I ink (and draw and paint) on Strathmore 500 Series bristol board, 2-ply with a semi-smooth finish. It’s pre-cut to 11 × 17″ which is standard size for comic art. The 500 Series is ideal because it’s cotton-based, which means it’s more archival and can hold up well to water. I watercolor on this all the time, and sometimes even do more involved gouache techniques.


I use a Winsor & Newton Series 7 #6 brush for most of my inking work. Most people tell me that’s bigger than they prefer, but I wouldn’t have it any other way. A large brush holds more ink and, as a result, can supply consistent marks for an extended period of time. It can cover large areas quickly, or provide as fine of detail as its smallest counterpart. Because the individual hairs are longer, they have more “time” to escape from the ferrule and reconvene at the point. The shorter the hairs get, the greater the chance that a small kink at the base can culminate in a splayed tip.

The whole reason we use brushes is their flexibility. A large brush acts a shock absorber for your hand, smoothing out any stray movements into a flowing line. With a tiny brush, every minuscule tremor, especially at slow speeds, is directly translated (and hence recorded) to the paper.

2008. Ink on bristol board, 11 × 17″.

All that being said, I do own smaller brushers. I usually keep a #2 or #3 around just in case — this is mostly for lettering, special effects, and lines with little variation in width (I’m looking at you, Spider-Man). I have a #2 brush that I purposefully take piss-poor care of — the ends have splayed out in such a way that I can form a small “rake” that creates 4 tiny, parallel lines — perfect for scruffy beards (now at you, Punisher).

2009. Ink on bristol board, 11 × 17″.


When I go to comic conventions, much of the day is spent drawing and inking commissions. While I prefer the traditional brush and ink setup, you can’t beat the convenience of a nylon brush with a self-contained ink reservoir. The warm-up sketches below were all done with Pentel’s brush pens. I like them quite a bit, although I have to say that their “gray” is much, much darker than their black. Maybe I just have a defective batch? There are 3 colored brushes in the set (black, gray, and sepia), and an empty one intended for water. I just fill that with Holbein ink and it works just as well as the others. You never have to wash the brush; just put the cap back on.

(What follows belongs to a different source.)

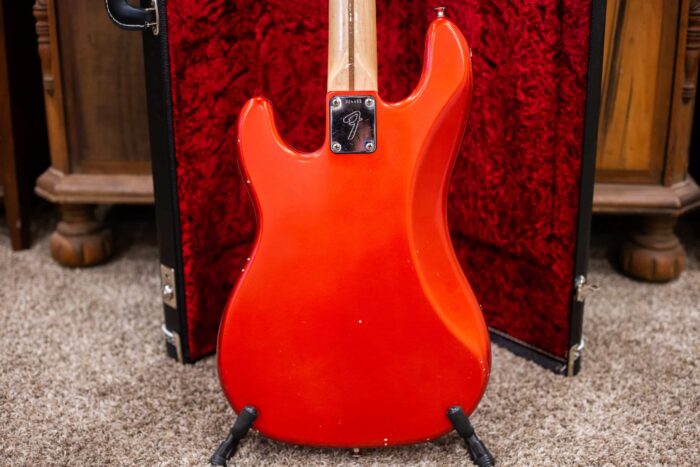 1972 Fender Precision Bass - Image 7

WARM-UP SKETCHES (after Jordi Bernet, Alex Raymond, and Moebius).
2013. Ink on paper, 10.5 × 8.25″.

Brush Washer:

Last, but not least, I find the brush washer to be more important than most people give it credit for. Half of inking well is just loading the brush appropriately. I’ve found that many who shy away from inking with a brush (preferring instead a pen nib) are dipping the brush much too far into the ink well. When I ink, I keep the ink far away from the ferrule which, aside from making the flow easier to control, gives the brush a longer lifespan. My loaded brush is actually on the drier side — I want just enough ink to keep the hairs together, but not so much that it drips. When I touch the brush to the paper, I only want ink to flow when I move.

I have a standard brush washer, but I attached a steel wire that helps me squeeze out all the excess water. I keep a paper towel clipped to it as well. I’m not just drying off my brush; I’m modulating the water content according to the effect I desire. I also keep scrap paper on the drawing board to help shape and test the brush. Above all, you inking demands predictable results, so always test things out until you’re comfortable and confident.

Ink on bristol board with digital color, 13 × 19″.